What struck me most this trip was less the race than Budapest’s underbelly. A female cop talking amiably to a man without legs in a wheelchair going through a rubbish bin. Three middle-aged women sitting on the floor in an underground ticket lobby, their backs to the cream-tiled wall, sharing a crack pipe. Most of all, though, it was a father and teenage daughter with long blonde hair gathering plastic bottles from bins.
That cloudy but rain-free Sunday afternoon, Norris fought off a determined Piastri and Ferrari’s Charles Leclerc, who both opted for two trips to the pits for tire changes. Norris gambled on staying out after one and kept ahead of the pack. In the dying stages of the race, Piastri fought again and again to pass Norris, almost hitting him on one attempt, but to no avail as his teammate crossed the finish line, well on his way to clinching his first world championship at the end of the season.
What struck me most this trip was less the race than Budapest’s underbelly. A female cop talking amiably to a man without legs in a wheelchair going through a rubbish bin. Three middle-aged women sitting on the floor in an underground ticket lobby, their backs to the cream-tiled wall, sharing a crack pipe. Most of all, though, it was a father and teenage daughter with long blonde hair gathering plastic bottles from bins. An hour later, as I was leaving a Lidl supermarket near where we were staying, I found them pushing the scavenged bottles into a machine that paid a nominal fee for each return. As they left, the father first, then the girl, she lowered her head, her hair covering her features, as she stared at the floor.
I thought of so many unhoused teenage and young adults I had met through reporting, all veterans of downtown Salt Lake City’s harsh street life, none of whom had had a father to protect them. I looked at my daughter, so much her own woman now, and I wanted to hold her so badly and protect her from the world around us and all she did not know or did not want to know. All that was past us now. She was very much her own woman. I just had to accept it.
Falling star
When it came time to choose our 2026 race, ever-steeper race package prices ruled F1 out. That left us with Formula E (for electric) where drivers competed on tight street circuits. FE grandstand tickets could be had for under $120.

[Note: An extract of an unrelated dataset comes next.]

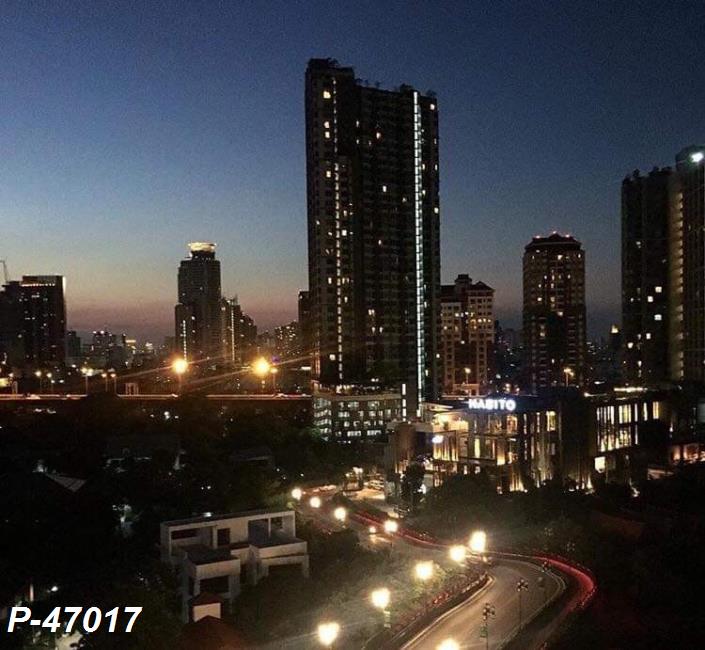 The Base Sukhumvit 77 วิวเมือง (กลางคืน).jpg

We plunked for Madrid, a city we both knew and loved. Early March, the Jarama circuit, on the city’s outskirts, would be holding its first FE race. Once you got used to how lithium batteries dictated so much of race strategy, and got a feel for a slew of new names and personalities, Formula E proved more digestible than F1, particularly given it is only between 33 and 46 laps.
After the race, we decided to attend the podium. We marched up a small hill and looked down at the proceedings as a larger crowd gathered in front of the stand.

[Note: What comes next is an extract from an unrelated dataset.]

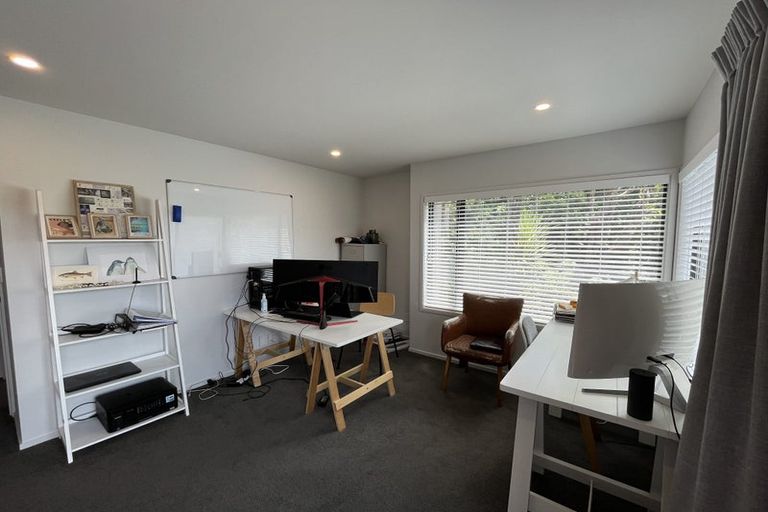 Photo of property in 3b Maldive Street, Khandallah, Wellington, 6035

Jaguar’s Antonio Felix da Costa and Mitch Evans took first and second, with Porsche’s Pascal Wehrlein third. Wehrlein ran off stage and brought on his little girl in a mauve jacket. She stood in front of him, looking across the upturned faces.
Katy was standing in front of me, just below my eye level. A woman glared at me for not ceding space to her, but I would not have moved for the world. I looked at the little girl on the podium and then at my daughter. Katy was simply doing what we all do as young adults, I thought. It was not that she was leaving me or becoming someone I did not recognise. It was that she was presenting herself to the universe, claiming her place in life, an ever-brighter star rising to heights I could not imagine as my all-too mortal star whispered “Don’t forget me,” and I slowly faded in contented silence into Madrid’s evening light.